(Requirement): For the listing below, return the line containing "Today's #Griffs Quarterfinal", the line containing "Sutuo Home Boho", and all lines in between, exactly as written and nothing else.

(Input data):
--

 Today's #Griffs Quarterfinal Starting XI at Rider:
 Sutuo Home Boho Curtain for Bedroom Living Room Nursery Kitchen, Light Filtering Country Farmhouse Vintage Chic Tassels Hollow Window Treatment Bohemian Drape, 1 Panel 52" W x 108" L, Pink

--

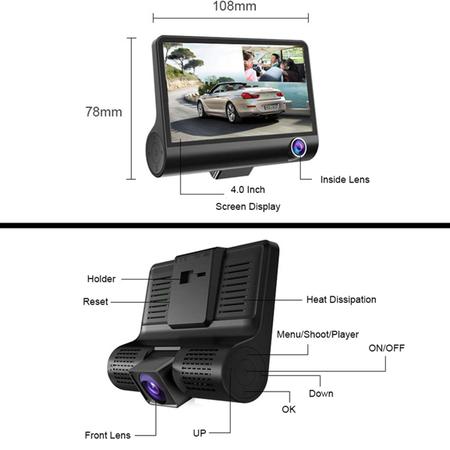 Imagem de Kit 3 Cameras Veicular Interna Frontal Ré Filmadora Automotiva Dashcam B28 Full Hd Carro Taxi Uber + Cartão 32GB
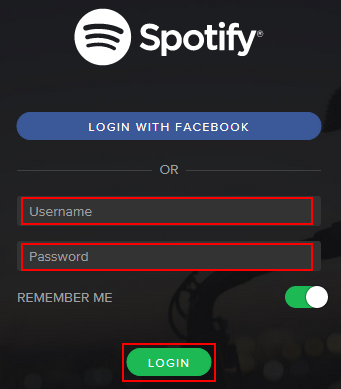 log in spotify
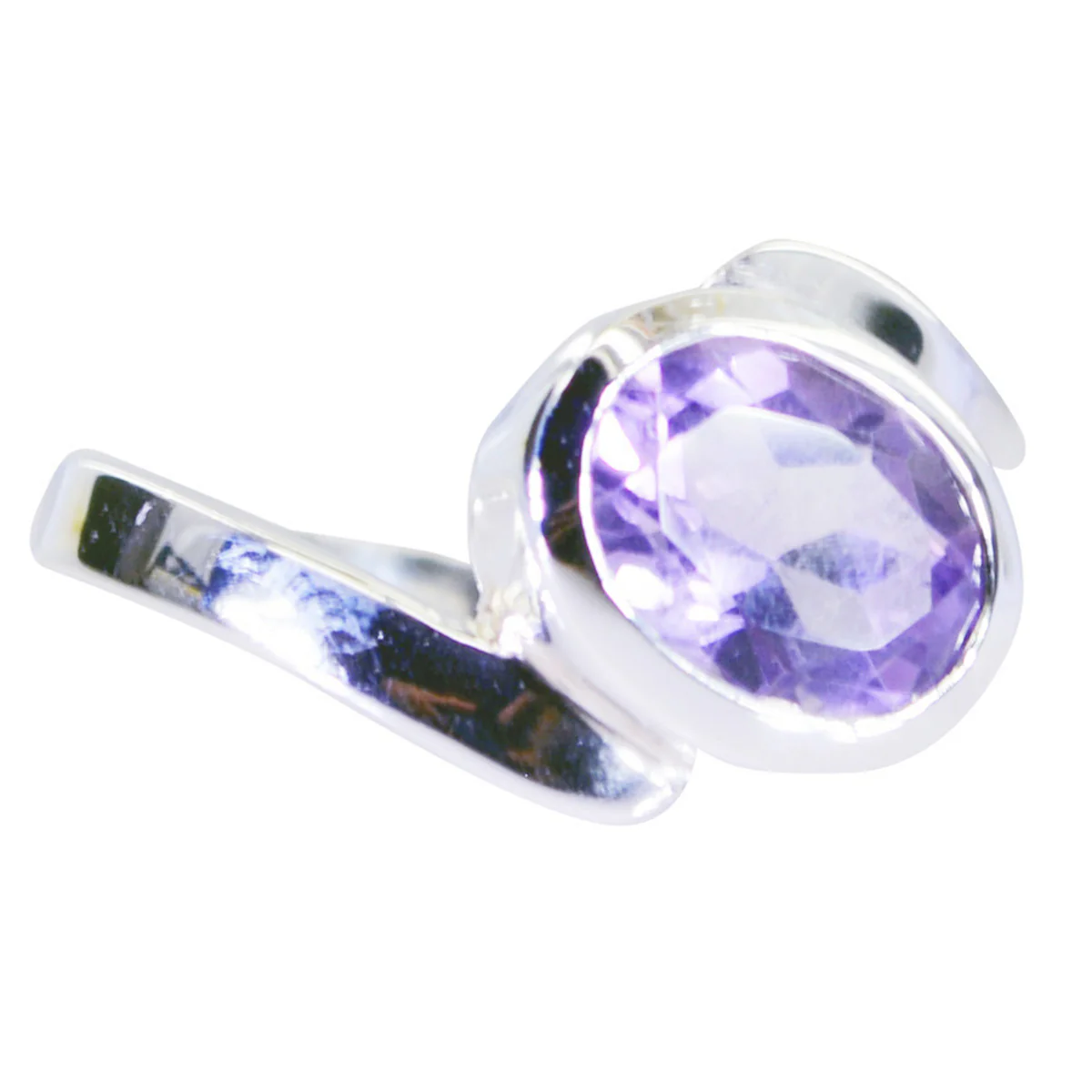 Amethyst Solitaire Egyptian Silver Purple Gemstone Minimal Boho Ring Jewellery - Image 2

--

(Solution for this problem):
 Today's #Griffs Quarterfinal Starting XI at Rider:
 Sutuo Home Boho Curtain for Bedroom Living Room Nursery Kitchen, Light Filtering Country Farmhouse Vintage Chic Tassels Hollow Window Treatment Bohemian Drape, 1 Panel 52" W x 108" L, Pink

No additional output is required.